I took my hands away and he let his breath out.
“It won’t hurt,” I reassured him, reaching for the jar of blue ointment.
“It does hurt,” he said, and squinched his eyelids as a fresh spasm seized him.
“I know.” I unlidded the jar, but let it stand, the sharp fragrance of peppermint, camphor and green peppercorns scenting the air. “I’ll make it better.”
He didn’t make any reply, but settled himself as I began to massage the ointment gently into his neck, the base of his skull, the skin of his forehead and temples. I couldn’t use the ointment so close to his eye, but put a dab under his nose, and he took a slow, deep breath. I’d make a cool poultice for the eye when I’d finished. For now, though…
“Do you remember,” I said, my voice low and quiet. “Telling me once about visiting Bird Who Sings in the Morning? And how his mother came and combed your hair?”
“Aye,” he said, after a moment’s hesitation. “She said… she would comb the snakes from my hair.” Another hesitation. “She… did.”

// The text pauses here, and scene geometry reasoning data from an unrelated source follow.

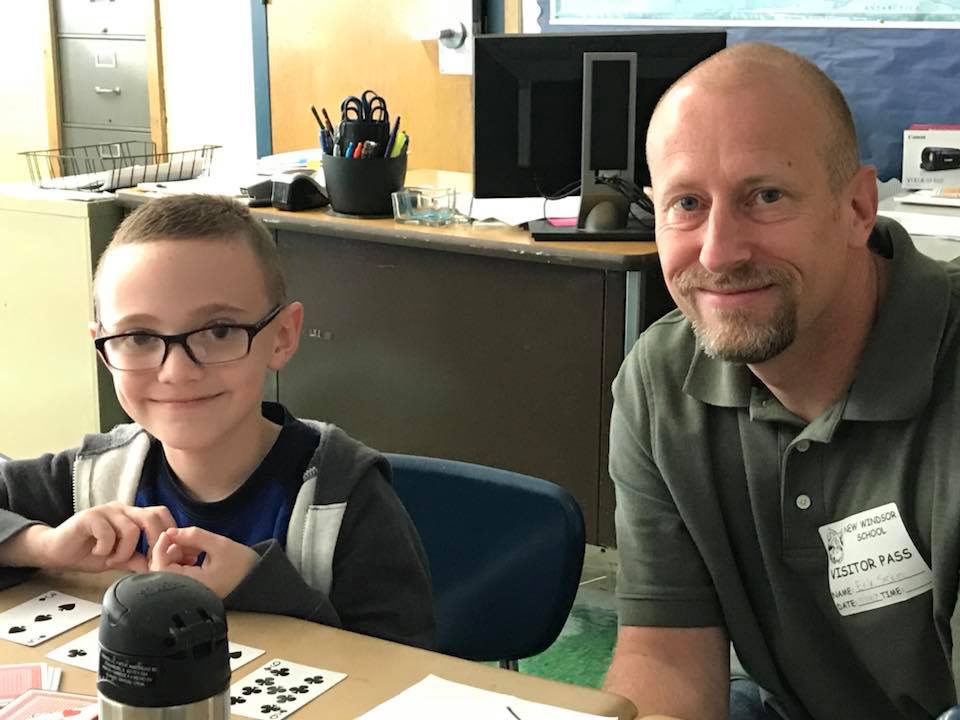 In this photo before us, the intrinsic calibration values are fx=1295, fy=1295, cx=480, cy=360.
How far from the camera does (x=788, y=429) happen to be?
141 cm

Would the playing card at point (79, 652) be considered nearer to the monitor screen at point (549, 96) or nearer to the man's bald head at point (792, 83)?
the man's bald head at point (792, 83)

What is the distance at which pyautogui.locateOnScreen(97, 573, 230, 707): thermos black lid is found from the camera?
65cm

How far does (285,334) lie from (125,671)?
760 millimetres

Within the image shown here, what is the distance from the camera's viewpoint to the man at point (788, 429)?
4.41 feet

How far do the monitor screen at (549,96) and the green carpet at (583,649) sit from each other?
3.23 feet

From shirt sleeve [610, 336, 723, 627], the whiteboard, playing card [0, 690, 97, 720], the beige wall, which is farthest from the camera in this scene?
the beige wall

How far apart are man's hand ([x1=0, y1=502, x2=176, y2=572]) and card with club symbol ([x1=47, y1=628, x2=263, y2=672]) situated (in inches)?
3.7

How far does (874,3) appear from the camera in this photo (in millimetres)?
3846

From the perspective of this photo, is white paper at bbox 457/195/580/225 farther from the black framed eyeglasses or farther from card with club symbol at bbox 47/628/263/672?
card with club symbol at bbox 47/628/263/672

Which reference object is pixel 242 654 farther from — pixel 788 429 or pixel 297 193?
pixel 297 193

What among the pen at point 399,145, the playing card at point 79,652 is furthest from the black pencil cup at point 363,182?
the playing card at point 79,652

Clearly he did remember—and so did I recall what he’d told me about it. How she’d gently combed his hair, over and over, while he told her—in a language she didn’t speak—the trouble in his heart. Guilt, distress… and the forgotten faces of the men he’d killed.
There is a spot, just where the zygomatic arch joins the maxilla, where the nerves are often inflamed and sensitive….yes, just there. I pressed my thumb gently up into the spot and he gasped and stiffened a little. I put my other hand on his shoulder.
His breath came with a small moan, but he did. I held the spot, pressing harder, moving my thumb just a little, and after a long moment, felt the spot warm and seem to melt under my touch. He felt it too, and his body relaxed again.
“Let me do that for you,” I said softly. The wooden comb he’d made me sat on the little table beside the jar of ointment. With one hand still on his shoulder, I picked it up.
“I… no, I dinna want…” But I was drawing the comb softly through his hair, the wooden teeth gentle against his skin. Over and over, very slowly.
I didn’t say anything for quite some time. He breathed. The light came in low now, the color of wildflower honey, and he was warm in my hands, the weight of him heavy in my lap.
“Tell me,” I said to him at last, in a whisper no louder than the breeze through the open window. “I don’t need to know, but you need to tell me. Say it in Gaelic, or Italian or German—some language I don’t understand, if that’s better. But say it.”
His breath came a little faster and he tightened, but I went on combing, in long, even strokes that swept over his head and laid his hair untangled in a soft, gleaming mass over my thigh. After a moment, he opened his eyes, dark and half-focused.
“Sassenach?” he said softly.
“I dinna ken any language that I think ye wouldna understand.”
He breathed once more, closed his eyes, and began haltingly to speak, his voice soft as the beating of my heart.